I might have mentioned it before, but this country seems in desperate danger of surrendering everything to a handful of entitled and increasingly vocal snowflakes who feel that the rest of us owe them a living.
Take for example the fact that the plain-speaking boss of one of Britain’s biggest accounting firms has had to step down after giving his workforce a bracing pep talk. During a virtual meeting, Bill Michael, of KPMG, told five hundred of his highly paid, working-from-home staff to stop moaning about the cut in their bonuses – they had been paid in full since the pandemic started and had, he said, very little cause for complaint. Michael told them they were in ‘a very lucky sector’ and should not ‘sit there and moan.’
To most of us that would surely sound eminently reasonable.
Many industries have been decimated, the economy is on its knees and millions will lose their jobs before this Coronabug emergency is over. I can only agree with Mr Michael that KPMG accountants are among the fortunate ones and should be counting their blessings instead of whingeing about their lot. Yes, they had a cut in their bonuses but most folk are no longer receiving bonuses so why on earth are they complaining?

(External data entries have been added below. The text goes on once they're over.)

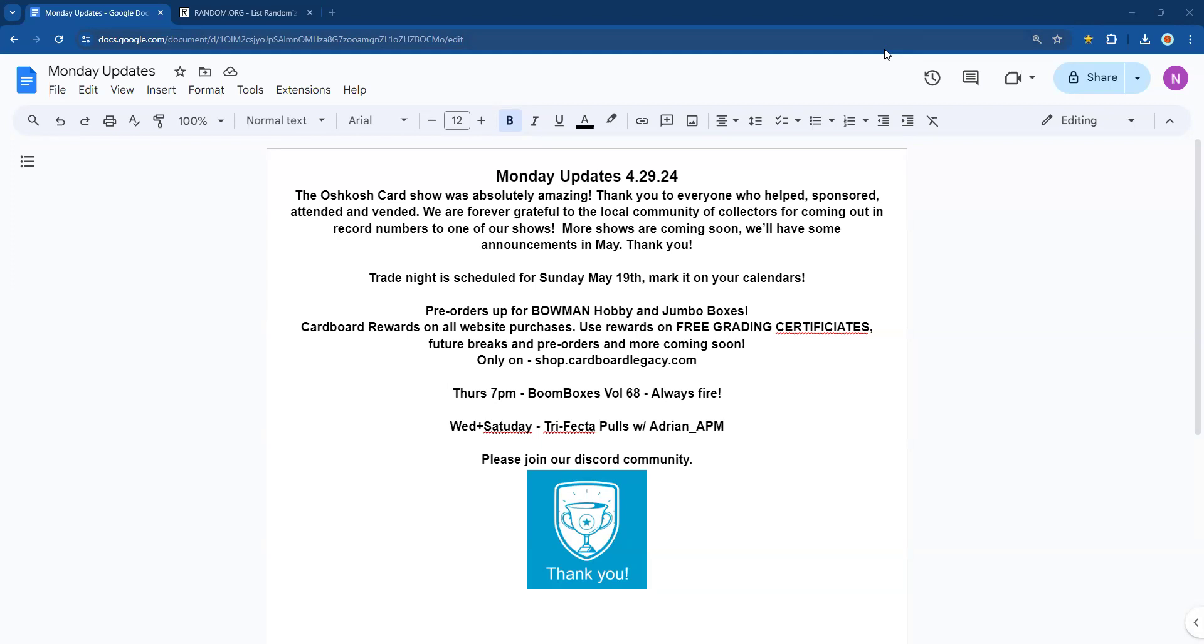We've got pre-orders up for Bowman hobby and jumbo boxes right now. Probably the cheapest price they're going to be—they might be more expensive on release day. Go gobble those up on pre-order. Don't forget, we have Cardboard Rewards on all website purchases. You get to use your rewards for free grading certificates, future breaks, pre-orders, and more, only on shop.cardboardlegacy.com.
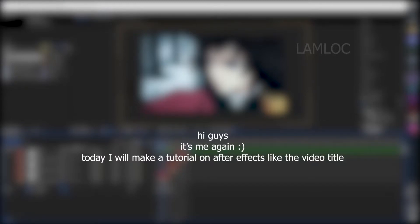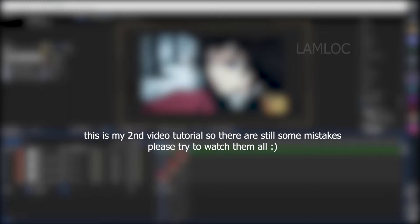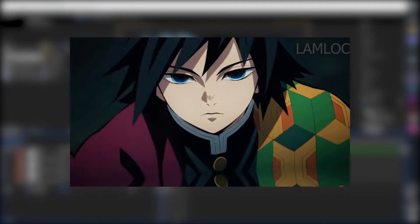Hi guys, it's me again. Today I will make a tutorial on After Effects like the video title. This is my second video tutorial so there are still some mistakes, please try to watch them all. This video tutorial is also quite easy and not long. So, want this? Okay, let's go.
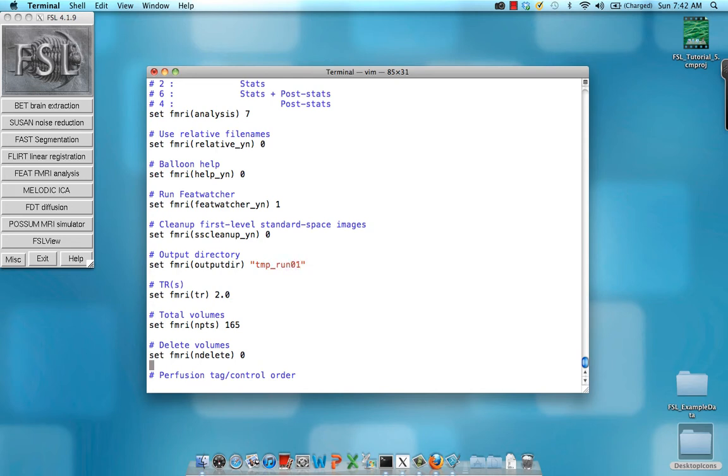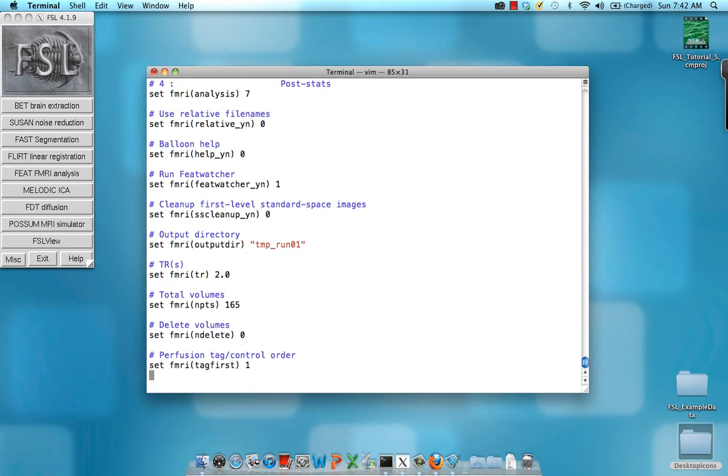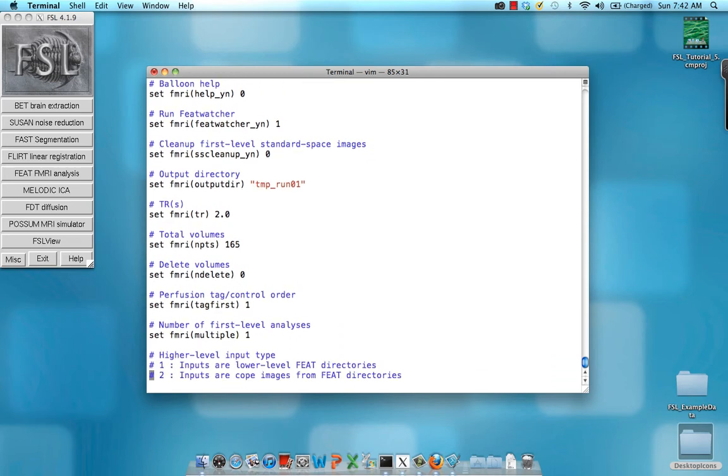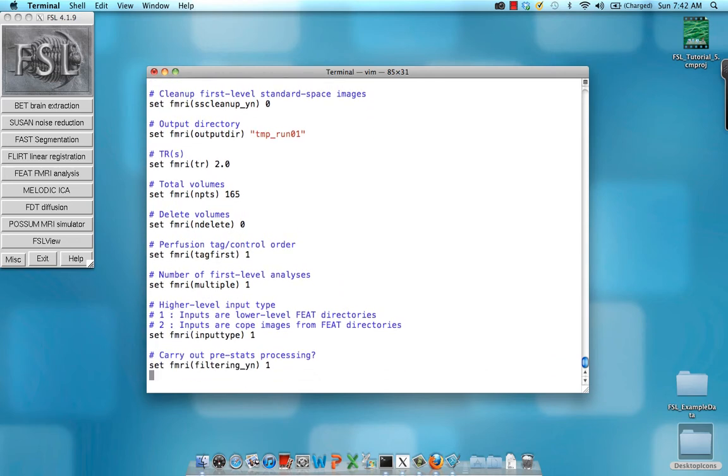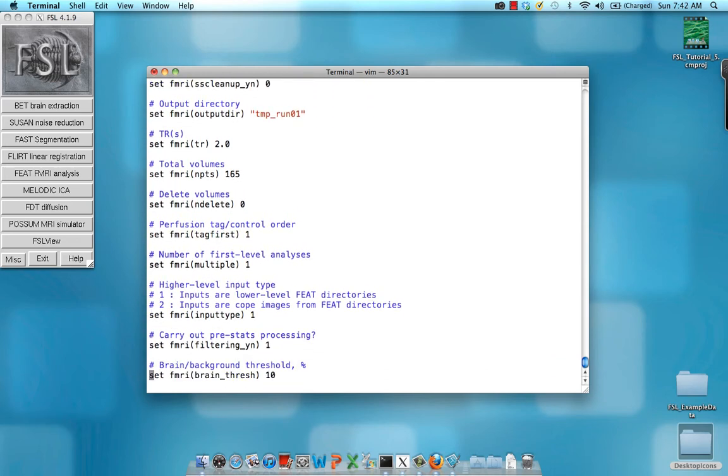So now when I run this, there will be a new directory within this temporary folder called temp underscore run 01, which will do the same analysis that was done before.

But they were dammit. These overpaid turnips were outraged by Michael telling them to buck up and shut up. And then further incensed by his belief that the notion of unconscious bias as ‘complete and utter c**p’ after several in-house training modules seemed to suggest it did not exist.
The howls of snowflake outrage could be heard on Mars and beyond. Now Mr Michael has had to back down, issuing a statement that said: ‘I am sorry for the words I used, which did not reflect what I believe in.’
Come on Fellow, do not allow yourself to be bullied by these politically correct, whingeing idiots. What a lot of companies need right now are strong leaders; a boss who will inspire the workers and lead from the front.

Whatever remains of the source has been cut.